Artılar-Yerçekiminin kontrolüyle birlikte yeni bir oynanış tarzı. Sade hikâye.
Eksiler-Oynanıştaki büyük eksiklik. Çoğunlukla bulunan grafik hataları, uyumsuz sesler.
Güneşin ten yakan sıcağı Davis'e vurdukça, çalıştığı polis departmanının merkez binasına daha çabuk girmek istiyordu. Elinde kalan son işlerini halledecek ve canından çok sevdiği karısının ve kızının yanına, yani yuvasına dönüş yapacaktı. Ama hayat her zaman bize istediklerimizi vermez. İşte Davis de o gün hayatında daha önce yaşamadığı, belki de hayatının en büyük macerasına, Inversion'a çok yakındı. Leo'dan selamını aldı ve arabasına bindi. Evine giderken Leo'yu da, evine bırakacaktı. Ne de olsa komşuydular. Ama Inversion geldi ve Davis'i buldu. Her şeyin başlangıcı olan bu nokta, belki de Davis'e eski yaşamının kolaylığını hatırlatacak tek şeydi... Güneş sönüyor... Size yukarıda bahsettiğim kısım oyunun hemen başı, daha neler olup bittiğini idrak etmeye çalıştığımız o anlar. İsterseniz bu kadar edebiyatı bir kenara bırakalım ve Inversion'a derin bir bakış atalım.
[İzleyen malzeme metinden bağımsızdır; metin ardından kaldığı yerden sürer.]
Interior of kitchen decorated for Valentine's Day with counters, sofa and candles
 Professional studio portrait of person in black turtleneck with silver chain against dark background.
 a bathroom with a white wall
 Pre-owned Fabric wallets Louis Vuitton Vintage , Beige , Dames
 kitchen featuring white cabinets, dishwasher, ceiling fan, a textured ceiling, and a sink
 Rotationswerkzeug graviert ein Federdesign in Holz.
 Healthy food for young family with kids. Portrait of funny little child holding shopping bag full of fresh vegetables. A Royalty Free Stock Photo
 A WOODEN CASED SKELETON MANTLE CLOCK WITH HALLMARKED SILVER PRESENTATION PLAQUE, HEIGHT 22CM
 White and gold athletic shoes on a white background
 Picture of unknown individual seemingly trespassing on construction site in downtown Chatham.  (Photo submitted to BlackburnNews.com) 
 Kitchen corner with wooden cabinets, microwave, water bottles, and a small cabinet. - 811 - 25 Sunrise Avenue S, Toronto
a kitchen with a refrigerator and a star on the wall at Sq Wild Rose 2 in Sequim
Inversion'un hikâyesi sokakta başlıyor. Hangi gezegenden geldiklerini bilmediğimiz, daha çok uzaylıya benzeyen "Lutadore" olarak adlandırılan bir tür mahluk sınıfı, dünyanın altını üstüne getiriyor. Önlerinde ne varsa parçalıyor, yok ediyor. Biz de ana karakterimiz Davis olarak, onun hem komşusu, hem partneri Leo'nun da yardımını alarak, bu mahlukların yarattığı kaos ortamı içerisinde karımızı ve kızımızı aramaya koyuluyoruz. Inversion'un hikayesi anlattığım kadar sade. Tam olarak bir oyun senaryosu. Oyun içinde gördüğünüz olaylara da şaşırmanız imkansız denecek kadar güç. Çünkü her şey standart. Herhangi bir olayı görünce "Aman Allah'ım, nasıl oldu da böyle oldu!" diyemiyorsunuz. Bir de buna önceden hazırlanmış hikaye geçişleri eklenince, oyun yapmacık bir hikayenin peşinden gittiğimiz, sıradan bir üçüncü şahıs nişancı (third person shooter) oyunu olmaktan çok da ileriye gidemiyor. Leila, seni bulacağım Oyunun hikâyesi bana göre ortalamanın üstünde seyrediyor ama vasat oyun dinamikleri bu senaryonun üstünü örtüp, "Sakın ha, bu oyuna yüksek puan vermeyin!" diye bağırıyor. Bugüne kadar oynadığım üçüncü şahıs nişancı oyunlarının hiçbirinde görmediğim bu vasat oynanış tarzı, yapımcı firma Saber Interactive'ın Gears of War'dan ilham aldığı fikrini bana kanıtlamaya yetiyor. Ama sevgili Saber, bazı zamanlar kopyalamak daha iyidir, bakarak çizmek değil.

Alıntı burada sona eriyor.